Complete step-by-step answer:
We have
 ${\tan ^2}\theta + \sec \theta = 5$
We know that, ${\tan ^2}\theta = {\sec ^2}\theta - 1$
 $
  \therefore {\sec ^2}\theta - 1 + \sec \theta - 5 = 0 \\
  \therefore {\sec ^2}\theta + \sec \theta - 6 = 0 \\
 $
Now, on splitting the middle term $\sec \theta $ as $3\sec \theta - 2\sec \theta $ we get,
 $
  {\sec ^2}\theta + 3\sec \theta - 2\sec \theta - 6 = 0 \\
  \therefore \sec \theta \left( {\sec \theta + 3} \right) - 2\left( {\sec \theta + 3} \right) = 0 \\
  \therefore \left( {\sec \theta + 3} \right)\left( {\sec \theta - 2} \right) = 0 \\
 $
 $\therefore \sec \theta + 3 = 0$ or $\sec \theta - 2 = 0$
 $\therefore \sec \theta = - 3$ or $\sec \theta = 2$
 $\therefore \dfrac{1}{{\cos \theta }} = - 3$ or $\dfrac{1}{{\cos \theta }} = 2$
 $\therefore \cos \theta = \dfrac{{ - 1}}{3}$ or $\cos \theta = \dfrac{1}{2}$
Thus, $\cos \theta = \dfrac{{ - 1}}{3}$ or $\cos \theta = \dfrac{1}{2}$ .

Note: Alternate Method:
We have
 ${\tan ^2}\theta + \sec \theta = 5$
We know that, ${\tan ^2}\theta = {\sec ^2}\theta - 1$
 $
  \therefore {\sec ^2}\theta - 1 + \sec \theta - 5 = 0 \\
  \therefore {\sec ^2}\theta + \sec \theta - 6 = 0 \\
 $
Now, from the above equation, \[a = 1\] , \[b = 1\] and \[c = - 6\] .

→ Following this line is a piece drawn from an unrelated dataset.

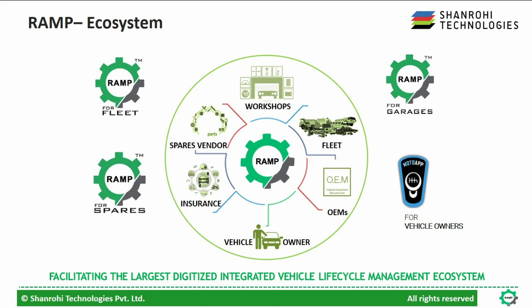RAMP is one of the only platform to integrate most of the stakeholders in the automotive aftermarket industry. We have software for spare parts suppliers, fleet operators, insurance companies, agencies and brokers, OEMs, dealers and individual vehicle owners. All of these integrated with each other.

 $\therefore \Delta = \sqrt {{b^2} - 4ac} $
         $
   = \sqrt {{1^2} - 4\left( 1 \right)\left( { - 6} \right)} \\
   = \sqrt {1 + 24} \\
   = \sqrt {25} \\
   = 5 \\
 $
So, the roots of the equation are $\sec \theta = \dfrac{{ - b \pm \Delta }}{{2a}}$ .
 $\therefore \sec \theta = \dfrac{{ - b + \Delta }}{{2a}}$ or $\sec \theta = \dfrac{{ - b - \Delta }}{{2a}}$
 $\therefore \sec \theta = \dfrac{{ - 1 + 5}}{2}$ or $\sec \theta = \dfrac{{ - 1 - 5}}{2}$
 $\therefore \sec \theta = \dfrac{4}{2}$ or $\sec \theta = \dfrac{{ - 6}}{2}$
 $\therefore \sec \theta = 2$ or $\sec \theta = - 3$
 $\therefore \dfrac{1}{{\cos \theta }} = 2$ or $\dfrac{1}{{\cos \theta }} = - 3$
 $\therefore \cos \theta = \dfrac{1}{2}$ or $\cos \theta = \dfrac{{ - 1}}{3}$
Thus, $\cos \theta = \dfrac{{ - 1}}{3}$ or $\cos \theta = \dfrac{1}{2}$ .